--- DATA EXCERPTS ---
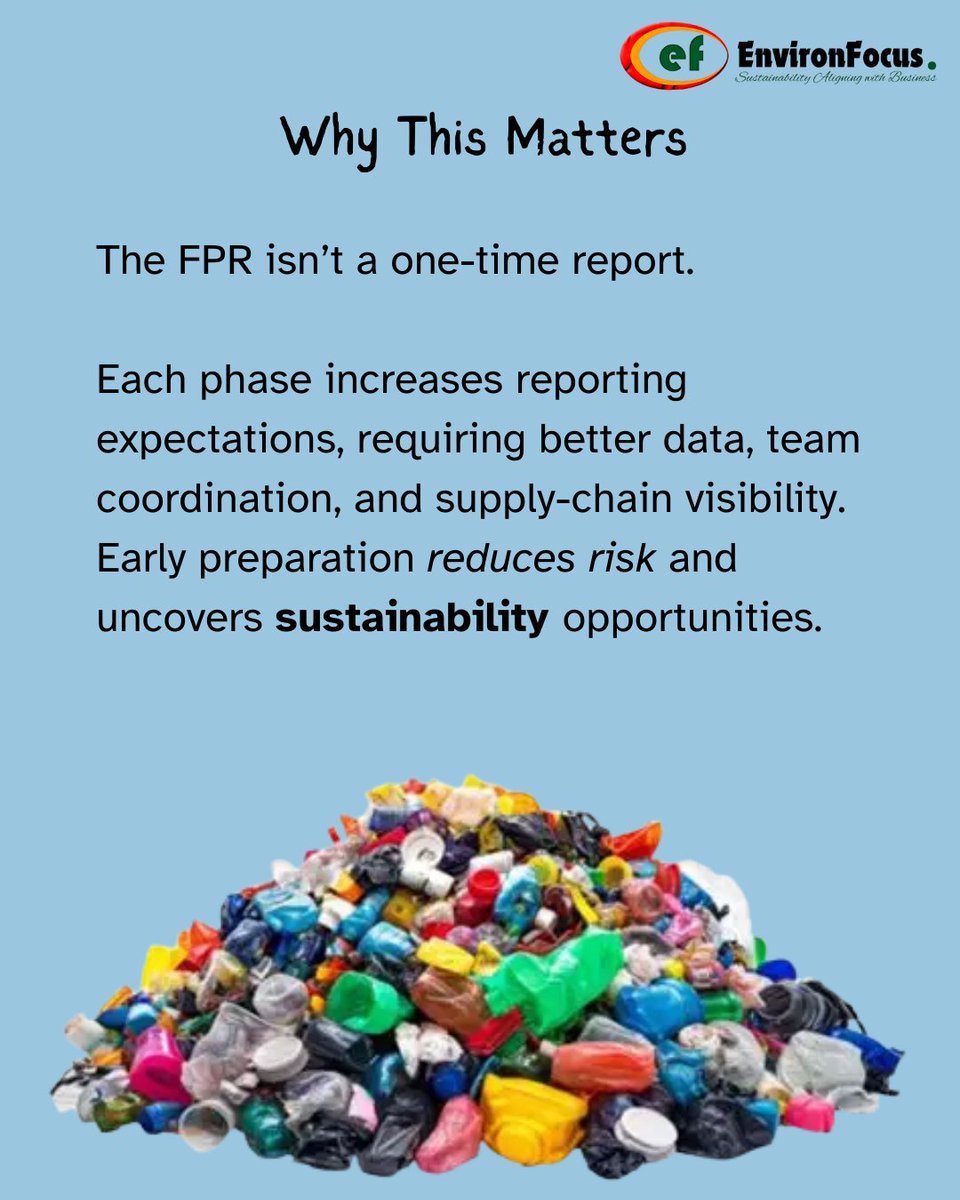 EnvironFocus tweet media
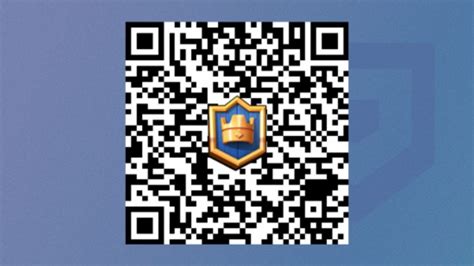 Código Criador De Conteúdo Supercell Clash Royale - Clash Royale Codes: veja os códigos da Supercell Store de março de 2026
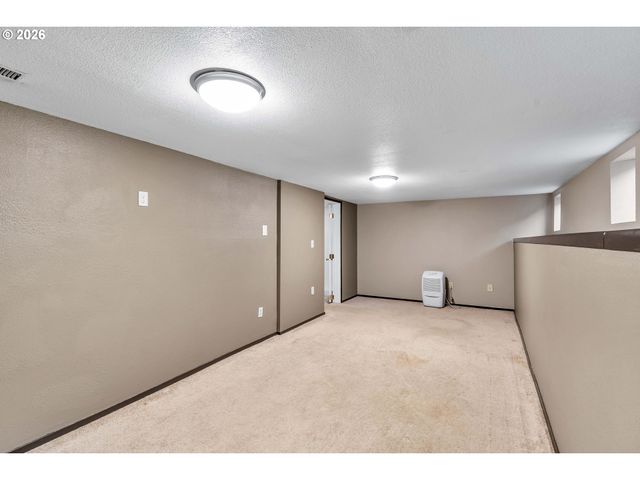 1208 W MCLOUGHLIN Blvd, Vancouver, WA 98660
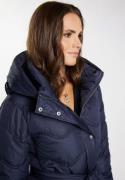 Manteau d’hiver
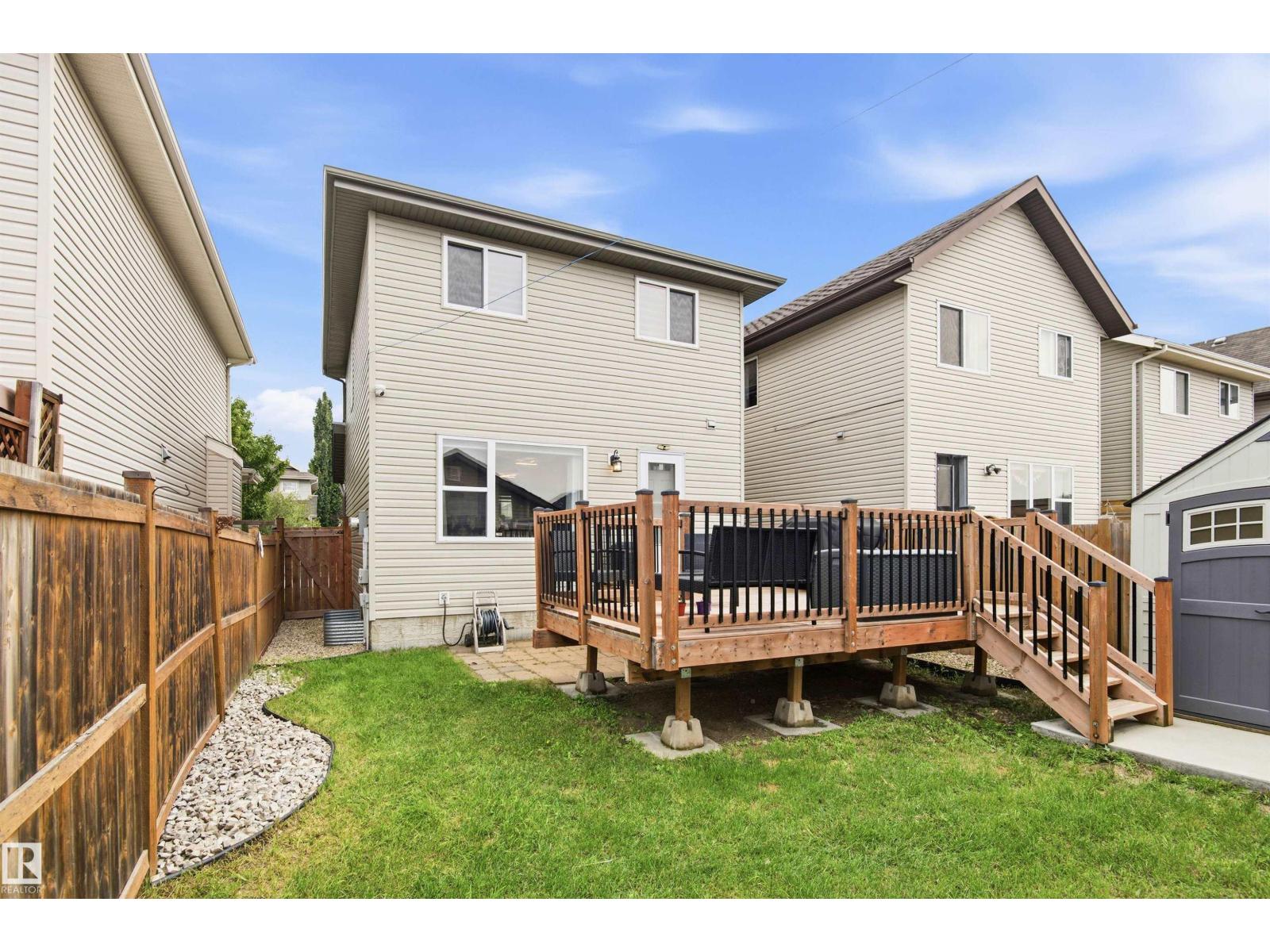 204 59 ST SW - Image 34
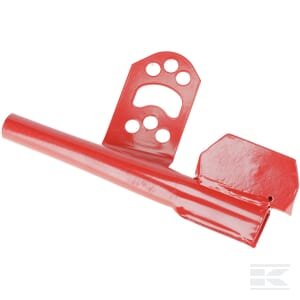 Sėjimo dalis 432116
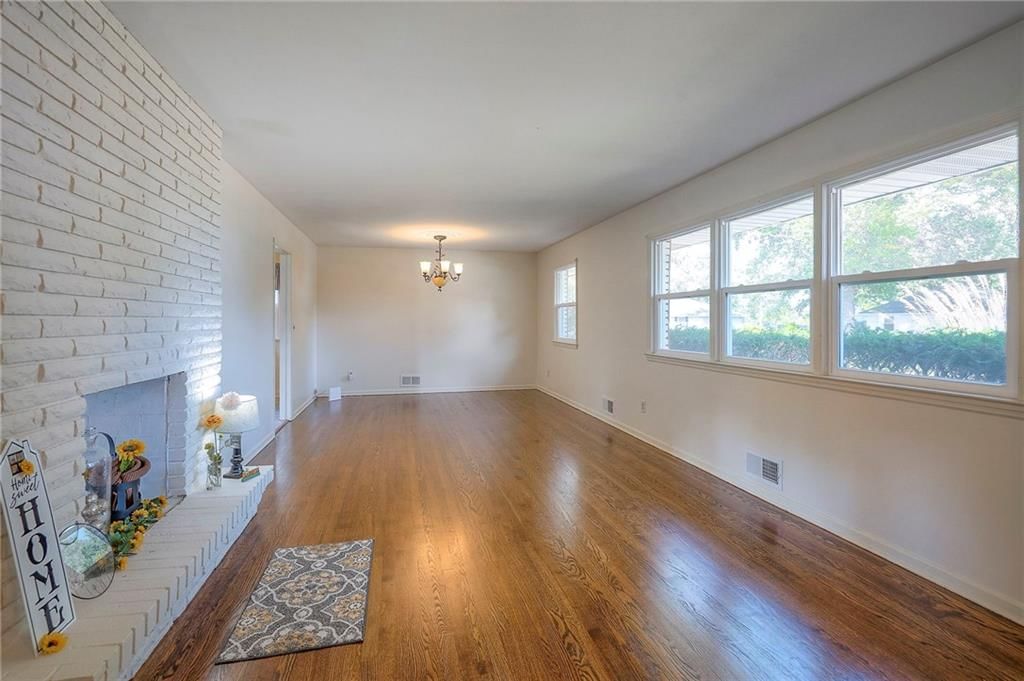 12506 Monroe Avenue — photo 5
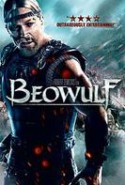 pelicula Beowulf,Beowulf online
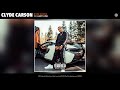 Clyde Carson - $100 Socks (Audio) (feat. Larry June)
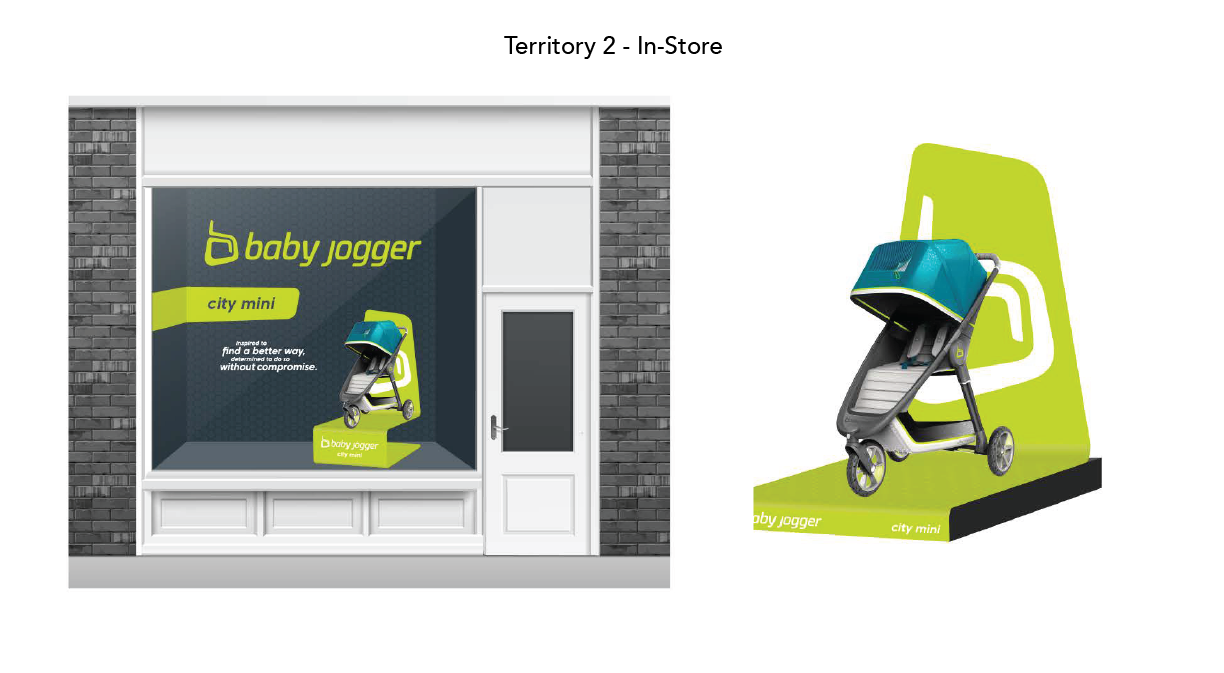 baby jogger_vbl_website-07.png
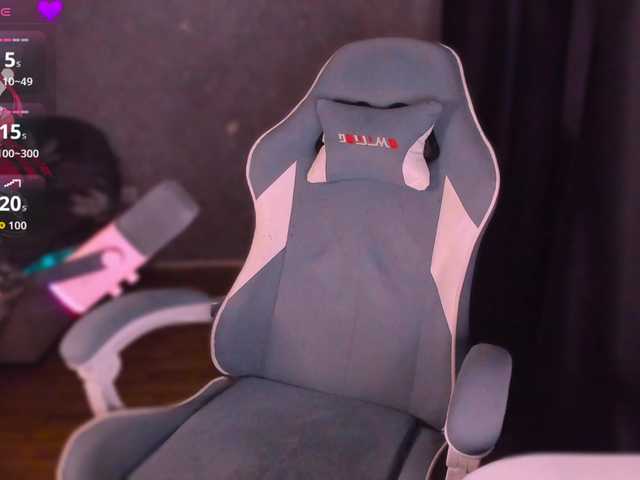 Рунетки: , секс чат бесплатно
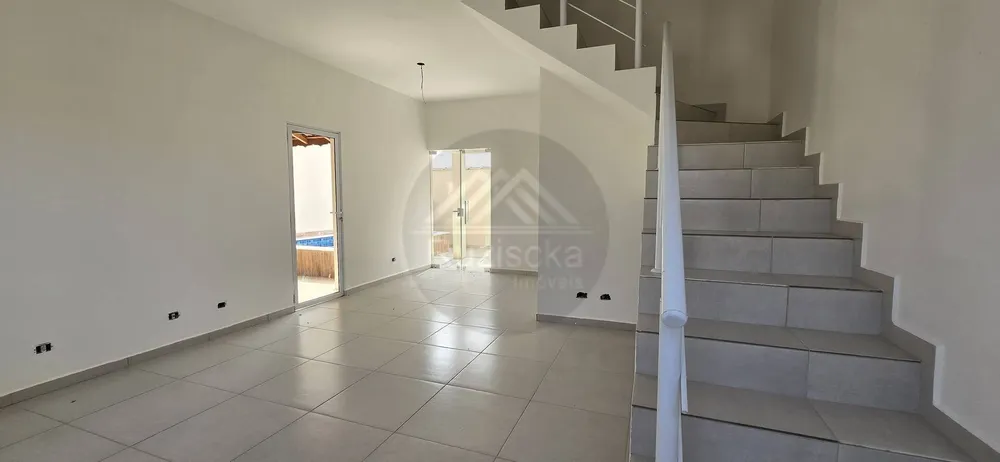 Casa, 2 quartos, 90 m² - Foto 5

--- WORK REQUIRED ---
Please set down only the lines from the one containing "Clyde Carson - $100" through the end of the entries, exactly as they stand, both ends included and with no pictures.

--- EXERCISE RESULT ---
 Clyde Carson - $100 Socks (Audio) (feat. Larry June)
 baby jogger_vbl_website-07.png
 Рунетки: , секс чат бесплатно
 Casa, 2 quartos, 90 m² - Foto 5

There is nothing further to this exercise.